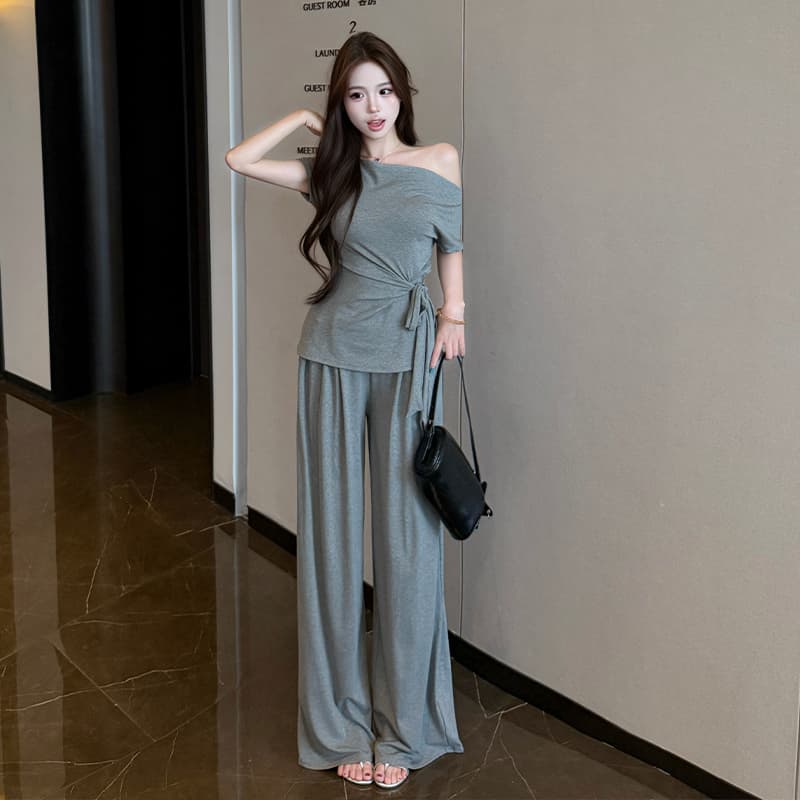 2026 여름 새로운 종이 사람들 흔들다 칼라 오프숄더 레이스업 슬림해 보이는 반팔 티셔츠 넓은 다리 길이 바지 패션 투피스 세트 이미지 3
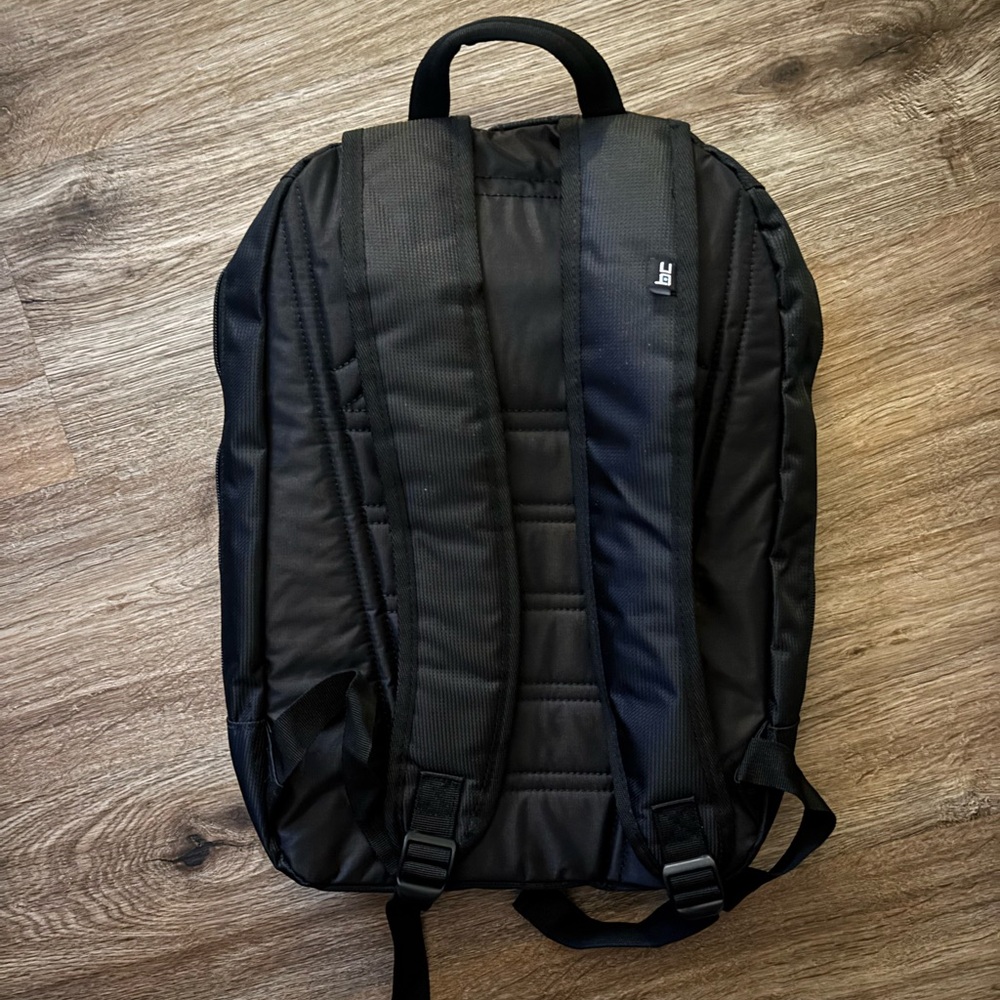 NEW Apple Sleek Black Waterproof Backpack Unisex - Picture 2 of 3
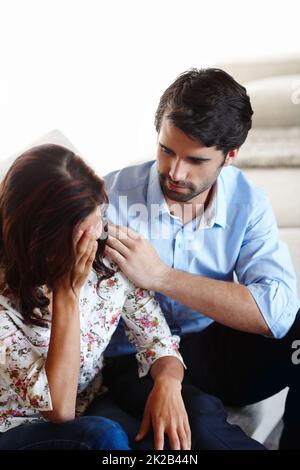 Nous y partons. Un jeune couple se réconfortant les uns les autres à travers des temps difficiles. Banque D'Images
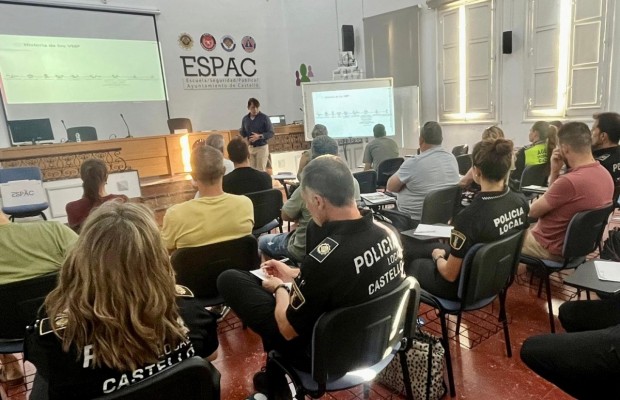 La Policía Local de Castelló recibe formación especializada en accidentes con patinetes eléctricos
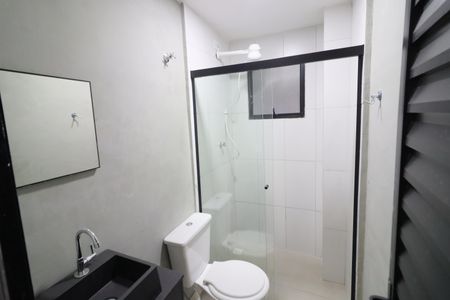 Banheiro de kitnet/studio para alugar com 1 quarto, 21m² em Presidente Altino, Osasco
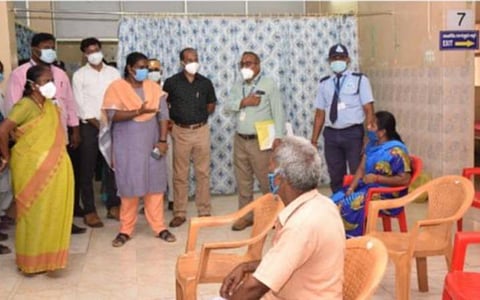 நெல்லையில் புதிதாக 212 பேருக்கு கரோனா தொற்று; தடுப்பூசிக்கு தட்டுப்பாடு: சொந்த ஊருக்குக் கிளம்பும் வெளிமாநிலத் தொழிலாளர்கள்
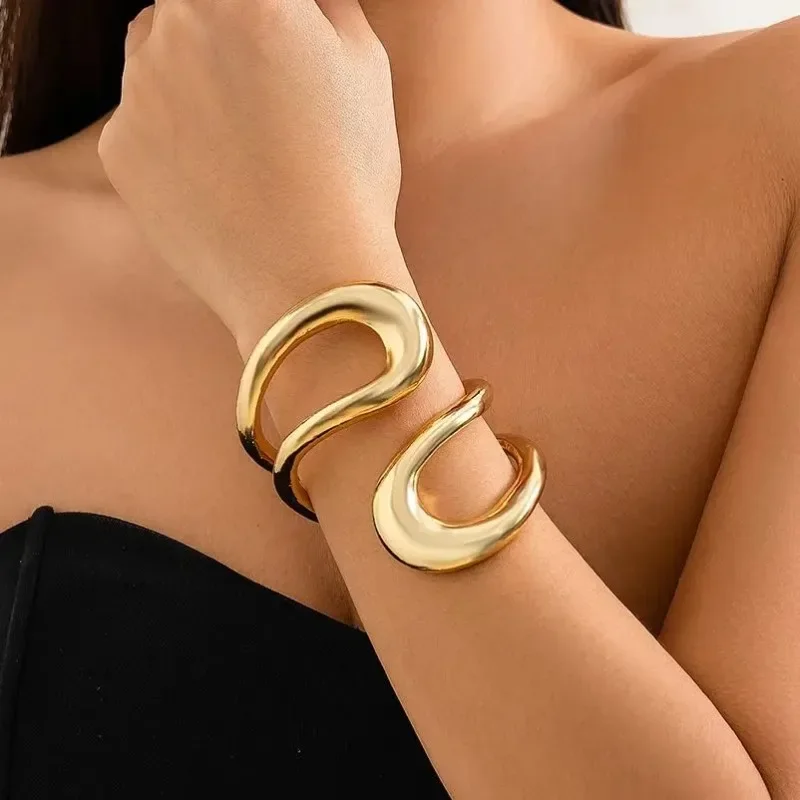 Punk Classic Geometric Twisted Open Bangles for Women Exaggerated Gold Color Heavy Metal Cuff Bracelet Fashion Party Jewelry New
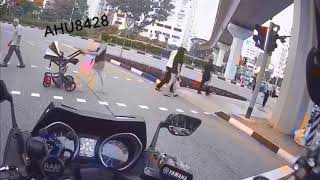 10apr2019 malaysian bike #AHU8428 disregard red light \u0026 squeeze it’s way thru at crossing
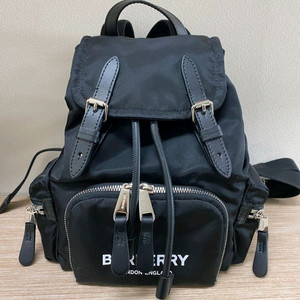 버버리 백팩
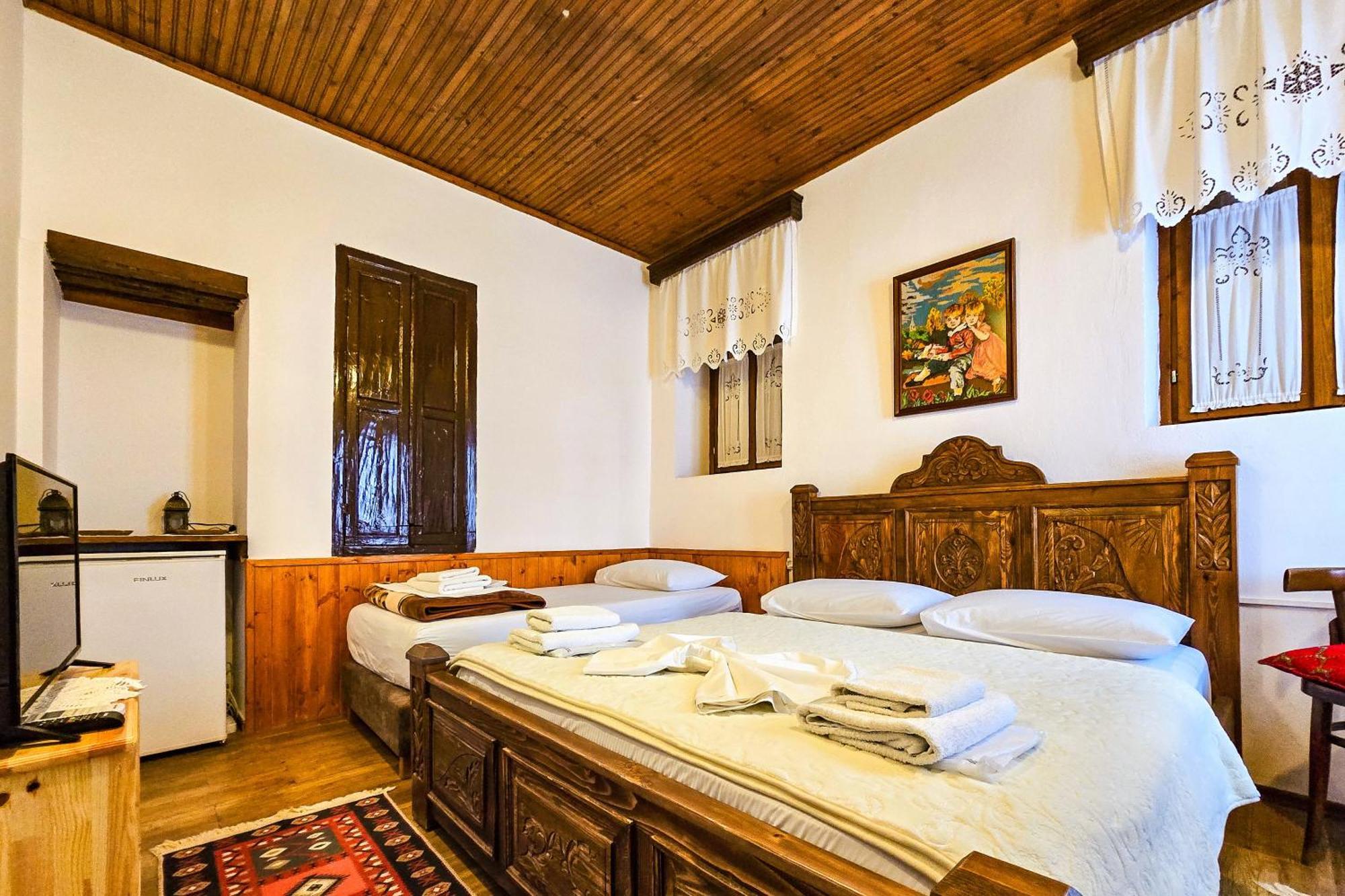 Silver Hill Guesthouse Гирокастра Экстерьер фото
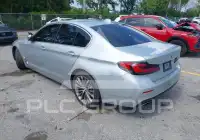 2021 BMW 530 фото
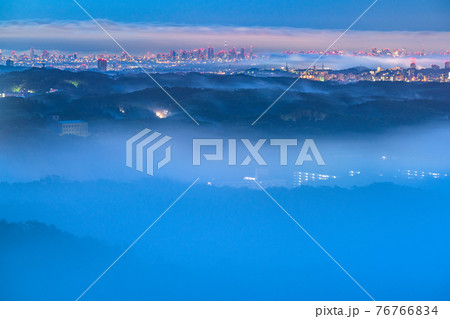 《東京都》霧に包まれた都心の摩天楼 76766834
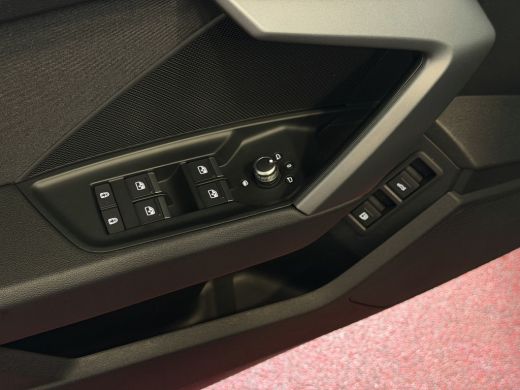 Audi A3 Sportback 40 TFSI E 204 PK PHEV ADVANCED SPORT MMI NAVI ELEK.KLEP CAMERA CARPLAY VIR.COCKPIT KEYL... ActivLease financial lease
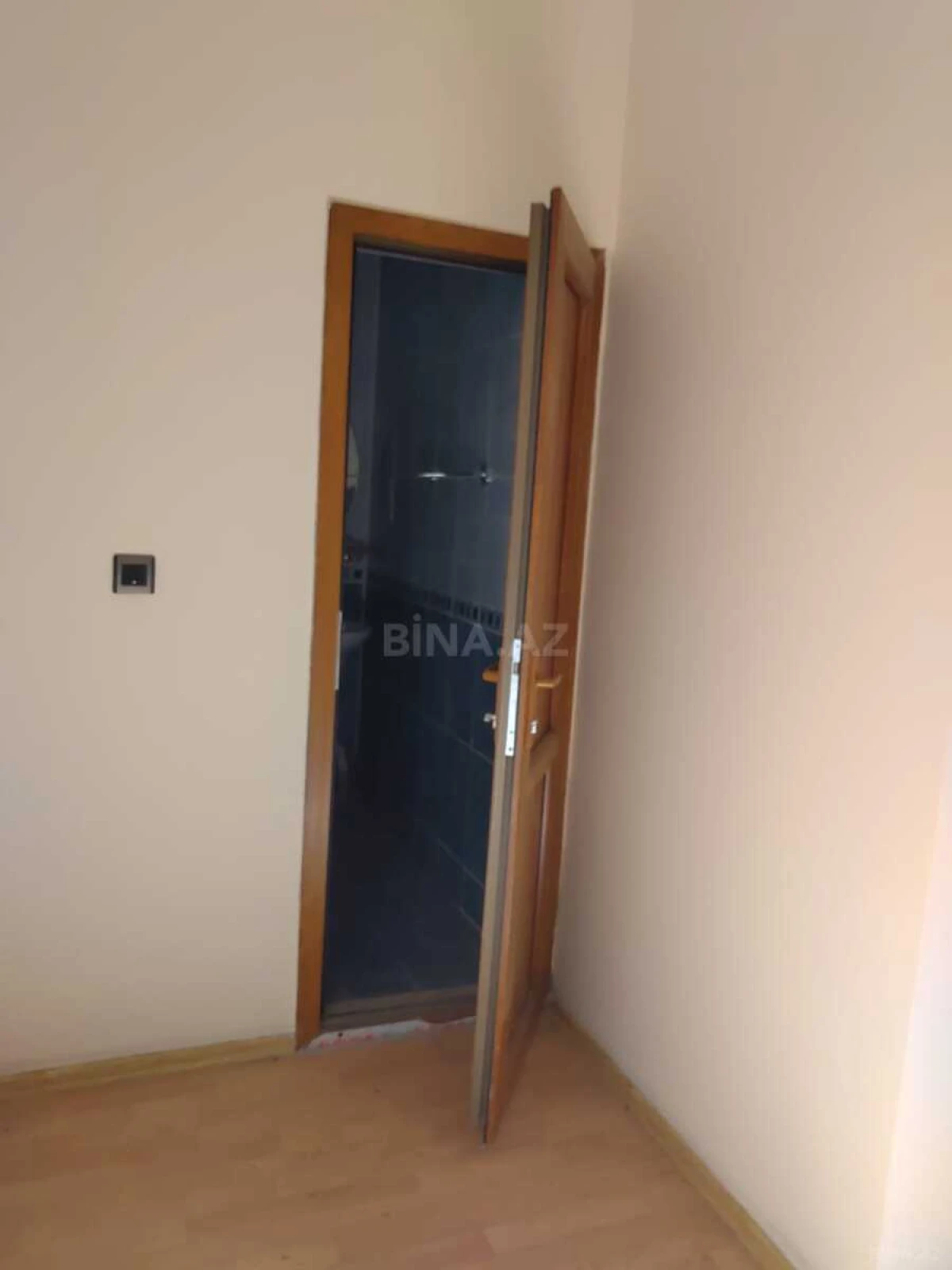 Kirayə verilir obyekt 330 m²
○ ○ ○ ○ ○
Assigned task: Everything from the top line of the data down to and including the line with "NEW Apple Sleek" is to be copied, except the pictures.

Exercise response:
 2026 여름 새로운 종이 사람들 흔들다 칼라 오프숄더 레이스업 슬림해 보이는 반팔 티셔츠 넓은 다리 길이 바지 패션 투피스 세트 이미지 3
 NEW Apple Sleek Black Waterproof Backpack Unisex - Picture 2 of 3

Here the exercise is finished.